In the entries below, find every line with "Rent" and copy it.
======== DATA LISTING
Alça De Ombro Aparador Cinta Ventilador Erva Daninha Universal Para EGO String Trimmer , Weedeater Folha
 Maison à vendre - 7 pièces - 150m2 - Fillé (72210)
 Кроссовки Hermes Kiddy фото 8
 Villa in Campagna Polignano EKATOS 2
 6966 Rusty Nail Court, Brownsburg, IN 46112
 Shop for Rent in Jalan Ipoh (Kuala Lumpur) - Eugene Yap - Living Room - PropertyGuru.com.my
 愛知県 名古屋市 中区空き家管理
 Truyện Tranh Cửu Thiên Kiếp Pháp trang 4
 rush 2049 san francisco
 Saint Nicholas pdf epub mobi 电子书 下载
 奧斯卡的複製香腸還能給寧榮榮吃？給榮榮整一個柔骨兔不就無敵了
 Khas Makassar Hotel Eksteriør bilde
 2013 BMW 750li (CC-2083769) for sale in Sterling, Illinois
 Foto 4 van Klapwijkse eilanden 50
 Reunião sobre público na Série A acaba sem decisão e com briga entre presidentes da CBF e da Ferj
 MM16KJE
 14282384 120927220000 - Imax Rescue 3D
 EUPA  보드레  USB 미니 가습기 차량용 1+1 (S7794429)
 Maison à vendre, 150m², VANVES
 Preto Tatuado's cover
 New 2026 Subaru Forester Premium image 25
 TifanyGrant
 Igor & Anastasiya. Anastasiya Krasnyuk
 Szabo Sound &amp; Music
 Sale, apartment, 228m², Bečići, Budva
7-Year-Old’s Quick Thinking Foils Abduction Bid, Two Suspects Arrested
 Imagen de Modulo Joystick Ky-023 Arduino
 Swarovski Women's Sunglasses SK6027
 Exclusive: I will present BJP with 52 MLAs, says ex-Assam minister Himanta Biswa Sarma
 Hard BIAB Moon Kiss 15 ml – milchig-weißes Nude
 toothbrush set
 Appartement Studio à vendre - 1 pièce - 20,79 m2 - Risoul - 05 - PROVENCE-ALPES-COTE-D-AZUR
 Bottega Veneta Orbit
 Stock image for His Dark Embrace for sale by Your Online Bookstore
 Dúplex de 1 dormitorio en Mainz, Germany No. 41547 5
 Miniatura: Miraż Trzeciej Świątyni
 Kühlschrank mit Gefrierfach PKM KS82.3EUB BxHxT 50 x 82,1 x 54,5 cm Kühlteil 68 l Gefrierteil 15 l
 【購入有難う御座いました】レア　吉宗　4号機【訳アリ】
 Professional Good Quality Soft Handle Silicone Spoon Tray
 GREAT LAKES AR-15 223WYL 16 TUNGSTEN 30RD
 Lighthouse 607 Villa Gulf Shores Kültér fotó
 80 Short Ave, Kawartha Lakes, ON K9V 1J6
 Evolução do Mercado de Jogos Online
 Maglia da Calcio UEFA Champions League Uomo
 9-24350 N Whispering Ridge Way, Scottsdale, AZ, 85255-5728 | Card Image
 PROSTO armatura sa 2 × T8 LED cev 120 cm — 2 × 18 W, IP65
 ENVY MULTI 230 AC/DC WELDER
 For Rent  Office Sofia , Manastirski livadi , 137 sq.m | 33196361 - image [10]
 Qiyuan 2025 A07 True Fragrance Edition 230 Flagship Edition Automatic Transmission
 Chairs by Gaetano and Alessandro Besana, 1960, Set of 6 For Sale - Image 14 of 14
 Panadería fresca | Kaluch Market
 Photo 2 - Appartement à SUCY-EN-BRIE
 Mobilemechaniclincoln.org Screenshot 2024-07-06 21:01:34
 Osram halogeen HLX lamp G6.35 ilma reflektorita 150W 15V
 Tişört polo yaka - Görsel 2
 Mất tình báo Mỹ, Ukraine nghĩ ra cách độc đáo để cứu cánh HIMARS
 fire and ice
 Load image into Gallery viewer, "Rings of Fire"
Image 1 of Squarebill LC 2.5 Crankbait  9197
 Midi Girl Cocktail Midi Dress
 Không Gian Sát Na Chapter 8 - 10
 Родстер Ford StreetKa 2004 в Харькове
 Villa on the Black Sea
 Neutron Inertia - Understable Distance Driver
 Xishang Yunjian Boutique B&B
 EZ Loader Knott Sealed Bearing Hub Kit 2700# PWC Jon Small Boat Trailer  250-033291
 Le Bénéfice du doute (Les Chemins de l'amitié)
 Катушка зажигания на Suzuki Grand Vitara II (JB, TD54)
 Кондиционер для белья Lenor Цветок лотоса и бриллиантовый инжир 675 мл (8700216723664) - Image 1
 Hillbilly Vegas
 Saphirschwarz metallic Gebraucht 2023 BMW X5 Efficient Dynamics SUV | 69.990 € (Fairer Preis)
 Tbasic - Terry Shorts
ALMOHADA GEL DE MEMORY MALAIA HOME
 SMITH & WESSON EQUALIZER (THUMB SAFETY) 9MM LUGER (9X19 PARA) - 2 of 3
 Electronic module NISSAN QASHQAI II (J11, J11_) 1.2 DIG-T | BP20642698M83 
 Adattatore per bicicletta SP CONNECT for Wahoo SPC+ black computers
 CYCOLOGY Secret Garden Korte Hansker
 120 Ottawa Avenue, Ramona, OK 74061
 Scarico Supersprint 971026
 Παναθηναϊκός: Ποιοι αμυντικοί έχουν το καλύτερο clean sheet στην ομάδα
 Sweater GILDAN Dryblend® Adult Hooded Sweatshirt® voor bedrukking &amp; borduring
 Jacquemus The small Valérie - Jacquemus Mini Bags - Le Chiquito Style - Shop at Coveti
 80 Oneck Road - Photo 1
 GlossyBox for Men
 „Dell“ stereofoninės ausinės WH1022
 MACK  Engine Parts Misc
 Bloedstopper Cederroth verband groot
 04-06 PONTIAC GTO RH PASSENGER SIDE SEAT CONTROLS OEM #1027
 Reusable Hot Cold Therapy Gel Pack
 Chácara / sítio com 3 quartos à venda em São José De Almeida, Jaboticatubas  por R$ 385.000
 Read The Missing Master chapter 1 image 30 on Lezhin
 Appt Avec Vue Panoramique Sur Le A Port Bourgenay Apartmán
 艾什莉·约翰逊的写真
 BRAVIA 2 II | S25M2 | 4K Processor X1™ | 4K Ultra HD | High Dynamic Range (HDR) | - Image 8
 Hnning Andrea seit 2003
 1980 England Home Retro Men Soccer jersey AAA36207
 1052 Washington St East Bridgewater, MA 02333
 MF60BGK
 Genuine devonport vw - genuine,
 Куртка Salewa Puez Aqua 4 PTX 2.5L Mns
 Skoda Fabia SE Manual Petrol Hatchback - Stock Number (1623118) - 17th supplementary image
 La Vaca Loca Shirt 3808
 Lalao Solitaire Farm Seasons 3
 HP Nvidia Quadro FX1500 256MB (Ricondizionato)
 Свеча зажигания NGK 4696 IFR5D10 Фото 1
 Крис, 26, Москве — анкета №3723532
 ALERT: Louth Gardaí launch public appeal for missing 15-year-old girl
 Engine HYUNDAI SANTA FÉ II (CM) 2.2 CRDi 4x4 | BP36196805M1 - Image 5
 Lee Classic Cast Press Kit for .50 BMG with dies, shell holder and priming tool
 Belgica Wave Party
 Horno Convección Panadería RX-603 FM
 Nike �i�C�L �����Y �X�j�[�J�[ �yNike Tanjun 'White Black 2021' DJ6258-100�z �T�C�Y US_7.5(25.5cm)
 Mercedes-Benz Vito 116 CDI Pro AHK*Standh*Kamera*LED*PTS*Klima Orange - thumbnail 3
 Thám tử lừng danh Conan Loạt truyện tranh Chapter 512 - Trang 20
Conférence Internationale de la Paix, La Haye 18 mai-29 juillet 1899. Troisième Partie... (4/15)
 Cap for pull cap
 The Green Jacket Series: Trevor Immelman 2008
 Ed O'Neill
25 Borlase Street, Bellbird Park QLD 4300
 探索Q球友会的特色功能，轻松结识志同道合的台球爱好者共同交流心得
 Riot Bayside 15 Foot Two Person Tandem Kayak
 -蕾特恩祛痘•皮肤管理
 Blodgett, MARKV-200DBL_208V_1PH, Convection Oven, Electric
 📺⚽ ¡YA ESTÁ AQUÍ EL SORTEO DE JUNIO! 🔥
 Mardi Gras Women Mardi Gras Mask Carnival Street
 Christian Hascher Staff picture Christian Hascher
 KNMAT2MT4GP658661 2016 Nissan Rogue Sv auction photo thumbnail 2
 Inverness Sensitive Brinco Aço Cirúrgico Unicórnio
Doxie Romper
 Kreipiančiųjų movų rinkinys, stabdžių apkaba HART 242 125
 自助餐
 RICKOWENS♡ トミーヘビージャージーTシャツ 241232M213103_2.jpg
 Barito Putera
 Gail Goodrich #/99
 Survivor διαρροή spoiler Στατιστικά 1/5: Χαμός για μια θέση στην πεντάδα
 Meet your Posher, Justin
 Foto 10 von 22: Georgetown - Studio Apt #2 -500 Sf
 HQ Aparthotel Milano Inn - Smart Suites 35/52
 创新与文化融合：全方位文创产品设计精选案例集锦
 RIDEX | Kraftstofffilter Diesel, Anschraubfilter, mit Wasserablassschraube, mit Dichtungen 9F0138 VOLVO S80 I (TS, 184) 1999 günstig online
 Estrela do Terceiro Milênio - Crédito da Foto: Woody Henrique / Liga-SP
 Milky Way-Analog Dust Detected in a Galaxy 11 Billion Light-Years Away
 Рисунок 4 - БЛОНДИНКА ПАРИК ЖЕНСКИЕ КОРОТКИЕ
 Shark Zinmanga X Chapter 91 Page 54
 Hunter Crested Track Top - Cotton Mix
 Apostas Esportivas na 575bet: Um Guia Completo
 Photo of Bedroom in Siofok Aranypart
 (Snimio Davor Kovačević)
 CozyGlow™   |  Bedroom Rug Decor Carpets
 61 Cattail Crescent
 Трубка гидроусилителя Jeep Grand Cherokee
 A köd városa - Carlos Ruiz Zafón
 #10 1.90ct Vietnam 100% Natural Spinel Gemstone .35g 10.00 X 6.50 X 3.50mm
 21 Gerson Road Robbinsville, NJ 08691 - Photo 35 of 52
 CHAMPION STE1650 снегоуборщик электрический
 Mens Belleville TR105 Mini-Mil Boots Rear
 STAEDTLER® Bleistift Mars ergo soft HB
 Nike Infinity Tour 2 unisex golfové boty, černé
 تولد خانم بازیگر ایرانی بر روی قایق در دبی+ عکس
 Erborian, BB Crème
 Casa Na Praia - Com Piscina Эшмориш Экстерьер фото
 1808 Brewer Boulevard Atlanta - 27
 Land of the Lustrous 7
================
» RESPONSE TO THIS EXERCISE
 Shop for Rent in Jalan Ipoh (Kuala Lumpur) - Eugene Yap - Living Room - PropertyGuru.com.my
 For Rent  Office Sofia , Manastirski livadi , 137 sq.m | 33196361 - image [10]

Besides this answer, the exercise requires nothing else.